__Goal of the exercise__: Each entry that appears below should be restated exactly as it is.

-- Input for this task follows --

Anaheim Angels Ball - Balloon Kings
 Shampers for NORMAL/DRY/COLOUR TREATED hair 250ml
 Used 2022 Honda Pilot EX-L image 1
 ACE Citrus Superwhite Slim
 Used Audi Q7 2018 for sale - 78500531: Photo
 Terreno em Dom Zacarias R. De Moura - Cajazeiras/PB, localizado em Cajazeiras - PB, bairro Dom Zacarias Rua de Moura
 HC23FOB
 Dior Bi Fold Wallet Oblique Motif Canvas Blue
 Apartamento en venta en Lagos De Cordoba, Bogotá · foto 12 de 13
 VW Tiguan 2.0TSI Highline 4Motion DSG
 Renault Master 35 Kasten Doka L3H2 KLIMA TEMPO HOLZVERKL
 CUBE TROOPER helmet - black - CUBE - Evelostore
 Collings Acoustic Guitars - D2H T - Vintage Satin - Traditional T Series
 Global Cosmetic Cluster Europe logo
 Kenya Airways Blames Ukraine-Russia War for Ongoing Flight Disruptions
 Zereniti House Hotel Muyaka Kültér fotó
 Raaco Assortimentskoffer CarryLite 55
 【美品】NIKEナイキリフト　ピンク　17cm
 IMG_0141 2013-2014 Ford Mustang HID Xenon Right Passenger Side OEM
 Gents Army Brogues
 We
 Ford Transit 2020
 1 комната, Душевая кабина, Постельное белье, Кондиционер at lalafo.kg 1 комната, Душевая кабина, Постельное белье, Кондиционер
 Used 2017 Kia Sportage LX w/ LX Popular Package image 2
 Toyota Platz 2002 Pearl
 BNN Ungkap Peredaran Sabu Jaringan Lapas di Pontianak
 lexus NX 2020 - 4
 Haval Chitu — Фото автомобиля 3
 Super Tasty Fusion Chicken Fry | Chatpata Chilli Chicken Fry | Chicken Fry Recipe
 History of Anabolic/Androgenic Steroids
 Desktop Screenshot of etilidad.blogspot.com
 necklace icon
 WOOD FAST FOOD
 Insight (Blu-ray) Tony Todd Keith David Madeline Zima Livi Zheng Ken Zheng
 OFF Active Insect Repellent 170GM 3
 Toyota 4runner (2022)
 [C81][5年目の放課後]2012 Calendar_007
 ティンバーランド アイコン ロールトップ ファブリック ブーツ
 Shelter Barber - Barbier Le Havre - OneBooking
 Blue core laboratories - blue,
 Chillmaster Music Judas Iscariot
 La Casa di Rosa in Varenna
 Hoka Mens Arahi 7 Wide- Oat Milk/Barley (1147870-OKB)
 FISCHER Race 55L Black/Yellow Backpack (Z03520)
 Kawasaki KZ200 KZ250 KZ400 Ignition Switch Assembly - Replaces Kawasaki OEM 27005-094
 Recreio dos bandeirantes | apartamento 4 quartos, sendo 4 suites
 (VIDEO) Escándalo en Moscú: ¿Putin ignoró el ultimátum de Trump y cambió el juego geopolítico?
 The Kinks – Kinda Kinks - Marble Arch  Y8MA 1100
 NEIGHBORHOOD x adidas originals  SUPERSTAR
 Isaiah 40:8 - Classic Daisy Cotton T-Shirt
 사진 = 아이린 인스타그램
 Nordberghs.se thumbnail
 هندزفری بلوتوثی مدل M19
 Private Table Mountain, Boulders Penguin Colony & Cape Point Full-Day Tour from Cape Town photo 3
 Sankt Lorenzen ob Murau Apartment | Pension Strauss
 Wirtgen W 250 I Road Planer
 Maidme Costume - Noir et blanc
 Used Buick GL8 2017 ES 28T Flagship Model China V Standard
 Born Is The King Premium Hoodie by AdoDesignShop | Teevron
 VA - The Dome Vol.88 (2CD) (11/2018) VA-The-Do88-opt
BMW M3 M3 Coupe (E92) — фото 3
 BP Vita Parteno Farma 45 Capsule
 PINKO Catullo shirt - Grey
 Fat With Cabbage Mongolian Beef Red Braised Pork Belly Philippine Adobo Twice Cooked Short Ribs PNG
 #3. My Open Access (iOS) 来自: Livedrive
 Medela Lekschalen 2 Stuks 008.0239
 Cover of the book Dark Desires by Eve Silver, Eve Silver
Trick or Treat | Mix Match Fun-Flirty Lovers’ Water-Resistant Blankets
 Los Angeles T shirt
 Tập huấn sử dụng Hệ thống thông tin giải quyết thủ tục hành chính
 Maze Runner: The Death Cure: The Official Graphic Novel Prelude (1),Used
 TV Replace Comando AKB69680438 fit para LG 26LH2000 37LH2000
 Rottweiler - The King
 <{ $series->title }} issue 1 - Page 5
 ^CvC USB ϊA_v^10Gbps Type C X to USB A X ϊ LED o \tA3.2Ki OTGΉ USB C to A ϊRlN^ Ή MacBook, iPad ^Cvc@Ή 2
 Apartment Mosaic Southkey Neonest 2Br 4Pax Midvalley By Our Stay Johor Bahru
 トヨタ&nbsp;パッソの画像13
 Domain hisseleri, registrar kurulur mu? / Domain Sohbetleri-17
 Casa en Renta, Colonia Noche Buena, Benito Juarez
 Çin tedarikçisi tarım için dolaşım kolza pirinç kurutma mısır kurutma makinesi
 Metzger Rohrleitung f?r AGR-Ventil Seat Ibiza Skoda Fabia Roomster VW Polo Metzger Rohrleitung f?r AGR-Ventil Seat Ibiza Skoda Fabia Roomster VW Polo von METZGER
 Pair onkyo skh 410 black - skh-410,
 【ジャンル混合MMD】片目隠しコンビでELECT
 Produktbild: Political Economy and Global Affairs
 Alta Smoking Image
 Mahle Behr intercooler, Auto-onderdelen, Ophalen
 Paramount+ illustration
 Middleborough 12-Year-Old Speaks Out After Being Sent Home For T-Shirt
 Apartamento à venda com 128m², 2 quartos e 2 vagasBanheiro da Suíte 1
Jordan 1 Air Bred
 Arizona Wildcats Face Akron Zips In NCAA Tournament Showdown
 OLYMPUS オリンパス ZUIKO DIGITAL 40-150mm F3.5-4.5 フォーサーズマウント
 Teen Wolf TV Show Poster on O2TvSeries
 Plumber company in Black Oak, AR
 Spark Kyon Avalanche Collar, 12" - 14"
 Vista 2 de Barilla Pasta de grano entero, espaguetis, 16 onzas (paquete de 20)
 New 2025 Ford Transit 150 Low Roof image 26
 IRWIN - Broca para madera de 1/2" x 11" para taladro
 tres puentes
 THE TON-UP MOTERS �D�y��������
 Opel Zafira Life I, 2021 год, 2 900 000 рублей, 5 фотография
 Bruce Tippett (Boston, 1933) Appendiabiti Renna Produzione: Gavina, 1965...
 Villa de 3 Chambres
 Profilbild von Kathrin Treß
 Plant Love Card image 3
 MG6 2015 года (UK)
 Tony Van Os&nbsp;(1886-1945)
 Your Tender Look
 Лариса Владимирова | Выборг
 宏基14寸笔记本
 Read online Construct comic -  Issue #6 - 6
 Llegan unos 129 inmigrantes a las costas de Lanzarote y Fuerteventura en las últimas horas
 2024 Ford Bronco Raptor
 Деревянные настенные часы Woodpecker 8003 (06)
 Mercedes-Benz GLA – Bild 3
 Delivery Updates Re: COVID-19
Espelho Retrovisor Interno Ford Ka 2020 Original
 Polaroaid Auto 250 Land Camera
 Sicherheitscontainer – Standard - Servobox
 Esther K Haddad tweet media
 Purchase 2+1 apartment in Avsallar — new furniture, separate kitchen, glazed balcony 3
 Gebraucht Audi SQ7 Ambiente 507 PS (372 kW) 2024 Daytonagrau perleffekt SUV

-- Input for this task concluded --

__Answer area__:
Anaheim Angels Ball - Balloon Kings
 Shampers for NORMAL/DRY/COLOUR TREATED hair 250ml
 Used 2022 Honda Pilot EX-L image 1
 ACE Citrus Superwhite Slim
 Used Audi Q7 2018 for sale - 78500531: Photo
 Terreno em Dom Zacarias R. De Moura - Cajazeiras/PB, localizado em Cajazeiras - PB, bairro Dom Zacarias Rua de Moura
 HC23FOB
 Dior Bi Fold Wallet Oblique Motif Canvas Blue
 Apartamento en venta en Lagos De Cordoba, Bogotá · foto 12 de 13
 VW Tiguan 2.0TSI Highline 4Motion DSG
 Renault Master 35 Kasten Doka L3H2 KLIMA TEMPO HOLZVERKL
 CUBE TROOPER helmet - black - CUBE - Evelostore
 Collings Acoustic Guitars - D2H T - Vintage Satin - Traditional T Series
 Global Cosmetic Cluster Europe logo
 Kenya Airways Blames Ukraine-Russia War for Ongoing Flight Disruptions
 Zereniti House Hotel Muyaka Kültér fotó
 Raaco Assortimentskoffer CarryLite 55
 【美品】NIKEナイキリフト　ピンク　17cm
 IMG_0141 2013-2014 Ford Mustang HID Xenon Right Passenger Side OEM
 Gents Army Brogues
 We
 Ford Transit 2020
 1 комната, Душевая кабина, Постельное белье, Кондиционер at lalafo.kg 1 комната, Душевая кабина, Постельное белье, Кондиционер
 Used 2017 Kia Sportage LX w/ LX Popular Package image 2
 Toyota Platz 2002 Pearl
 BNN Ungkap Peredaran Sabu Jaringan Lapas di Pontianak
 lexus NX 2020 - 4
 Haval Chitu — Фото автомобиля 3
 Super Tasty Fusion Chicken Fry | Chatpata Chilli Chicken Fry | Chicken Fry Recipe
 History of Anabolic/Androgenic Steroids
 Desktop Screenshot of etilidad.blogspot.com
 necklace icon
 WOOD FAST FOOD
 Insight (Blu-ray) Tony Todd Keith David Madeline Zima Livi Zheng Ken Zheng
 OFF Active Insect Repellent 170GM 3
 Toyota 4runner (2022)
 [C81][5年目の放課後]2012 Calendar_007
 ティンバーランド アイコン ロールトップ ファブリック ブーツ
 Shelter Barber - Barbier Le Havre - OneBooking
 Blue core laboratories - blue,
 Chillmaster Music Judas Iscariot
 La Casa di Rosa in Varenna
 Hoka Mens Arahi 7 Wide- Oat Milk/Barley (1147870-OKB)
 FISCHER Race 55L Black/Yellow Backpack (Z03520)
 Kawasaki KZ200 KZ250 KZ400 Ignition Switch Assembly - Replaces Kawasaki OEM 27005-094
 Recreio dos bandeirantes | apartamento 4 quartos, sendo 4 suites
 (VIDEO) Escándalo en Moscú: ¿Putin ignoró el ultimátum de Trump y cambió el juego geopolítico?
 The Kinks – Kinda Kinks - Marble Arch  Y8MA 1100
 NEIGHBORHOOD x adidas originals  SUPERSTAR
 Isaiah 40:8 - Classic Daisy Cotton T-Shirt
 사진 = 아이린 인스타그램
 Nordberghs.se thumbnail
 هندزفری بلوتوثی مدل M19
 Private Table Mountain, Boulders Penguin Colony & Cape Point Full-Day Tour from Cape Town photo 3
 Sankt Lorenzen ob Murau Apartment | Pension Strauss
 Wirtgen W 250 I Road Planer
 Maidme Costume - Noir et blanc
 Used Buick GL8 2017 ES 28T Flagship Model China V Standard
 Born Is The King Premium Hoodie by AdoDesignShop | Teevron
 VA - The Dome Vol.88 (2CD) (11/2018) VA-The-Do88-opt
BMW M3 M3 Coupe (E92) — фото 3
 BP Vita Parteno Farma 45 Capsule
 PINKO Catullo shirt - Grey
 Fat With Cabbage Mongolian Beef Red Braised Pork Belly Philippine Adobo Twice Cooked Short Ribs PNG
 #3. My Open Access (iOS) 来自: Livedrive
 Medela Lekschalen 2 Stuks 008.0239
 Cover of the book Dark Desires by Eve Silver, Eve Silver
Trick or Treat | Mix Match Fun-Flirty Lovers’ Water-Resistant Blankets
 Los Angeles T shirt
 Tập huấn sử dụng Hệ thống thông tin giải quyết thủ tục hành chính
 Maze Runner: The Death Cure: The Official Graphic Novel Prelude (1),Used
 TV Replace Comando AKB69680438 fit para LG 26LH2000 37LH2000
 Rottweiler - The King
 <{ $series->title }} issue 1 - Page 5
 ^CvC USB ϊA_v^10Gbps Type C X to USB A X ϊ LED o \tA3.2Ki OTGΉ USB C to A ϊRlN^ Ή MacBook, iPad ^Cvc@Ή 2
 Apartment Mosaic Southkey Neonest 2Br 4Pax Midvalley By Our Stay Johor Bahru
 トヨタ&nbsp;パッソの画像13
 Domain hisseleri, registrar kurulur mu? / Domain Sohbetleri-17
 Casa en Renta, Colonia Noche Buena, Benito Juarez
 Çin tedarikçisi tarım için dolaşım kolza pirinç kurutma mısır kurutma makinesi
 Metzger Rohrleitung f?r AGR-Ventil Seat Ibiza Skoda Fabia Roomster VW Polo Metzger Rohrleitung f?r AGR-Ventil Seat Ibiza Skoda Fabia Roomster VW Polo von METZGER
 Pair onkyo skh 410 black - skh-410,
 【ジャンル混合MMD】片目隠しコンビでELECT
 Produktbild: Political Economy and Global Affairs
 Alta Smoking Image
 Mahle Behr intercooler, Auto-onderdelen, Ophalen
 Paramount+ illustration
 Middleborough 12-Year-Old Speaks Out After Being Sent Home For T-Shirt
 Apartamento à venda com 128m², 2 quartos e 2 vagasBanheiro da Suíte 1
Jordan 1 Air Bred
 Arizona Wildcats Face Akron Zips In NCAA Tournament Showdown
 OLYMPUS オリンパス ZUIKO DIGITAL 40-150mm F3.5-4.5 フォーサーズマウント
 Teen Wolf TV Show Poster on O2TvSeries
 Plumber company in Black Oak, AR
 Spark Kyon Avalanche Collar, 12" - 14"
 Vista 2 de Barilla Pasta de grano entero, espaguetis, 16 onzas (paquete de 20)
 New 2025 Ford Transit 150 Low Roof image 26
 IRWIN - Broca para madera de 1/2" x 11" para taladro
 tres puentes
 THE TON-UP MOTERS �D�y��������
 Opel Zafira Life I, 2021 год, 2 900 000 рублей, 5 фотография
 Bruce Tippett (Boston, 1933) Appendiabiti Renna Produzione: Gavina, 1965...
 Villa de 3 Chambres
 Profilbild von Kathrin Treß
 Plant Love Card image 3
 MG6 2015 года (UK)
 Tony Van Os&nbsp;(1886-1945)
 Your Tender Look
 Лариса Владимирова | Выборг
 宏基14寸笔记本
 Read online Construct comic -  Issue #6 - 6
 Llegan unos 129 inmigrantes a las costas de Lanzarote y Fuerteventura en las últimas horas
 2024 Ford Bronco Raptor
 Деревянные настенные часы Woodpecker 8003 (06)
 Mercedes-Benz GLA – Bild 3
 Delivery Updates Re: COVID-19
Espelho Retrovisor Interno Ford Ka 2020 Original
 Polaroaid Auto 250 Land Camera
 Sicherheitscontainer – Standard - Servobox
 Esther K Haddad tweet media
 Purchase 2+1 apartment in Avsallar — new furniture, separate kitchen, glazed balcony 3
 Gebraucht Audi SQ7 Ambiente 507 PS (372 kW) 2024 Daytonagrau perleffekt SUV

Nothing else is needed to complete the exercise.